─── Data listing
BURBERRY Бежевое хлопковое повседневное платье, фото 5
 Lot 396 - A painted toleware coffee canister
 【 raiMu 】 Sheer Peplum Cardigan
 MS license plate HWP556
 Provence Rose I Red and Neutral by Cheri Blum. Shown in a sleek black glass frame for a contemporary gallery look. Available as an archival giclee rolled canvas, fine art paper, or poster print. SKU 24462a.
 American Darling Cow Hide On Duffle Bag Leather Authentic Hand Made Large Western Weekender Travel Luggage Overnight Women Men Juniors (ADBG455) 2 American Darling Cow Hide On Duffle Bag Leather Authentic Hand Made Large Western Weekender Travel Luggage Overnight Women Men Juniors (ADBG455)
──────
* _Exercise_
The entries above must be transcribed word for word.

* _Output for this exercise_
BURBERRY Бежевое хлопковое повседневное платье, фото 5
 Lot 396 - A painted toleware coffee canister
 【 raiMu 】 Sheer Peplum Cardigan
 MS license plate HWP556
 Provence Rose I Red and Neutral by Cheri Blum. Shown in a sleek black glass frame for a contemporary gallery look. Available as an archival giclee rolled canvas, fine art paper, or poster print. SKU 24462a.
 American Darling Cow Hide On Duffle Bag Leather Authentic Hand Made Large Western Weekender Travel Luggage Overnight Women Men Juniors (ADBG455) 2 American Darling Cow Hide On Duffle Bag Leather Authentic Hand Made Large Western Weekender Travel Luggage Overnight Women Men Juniors (ADBG455)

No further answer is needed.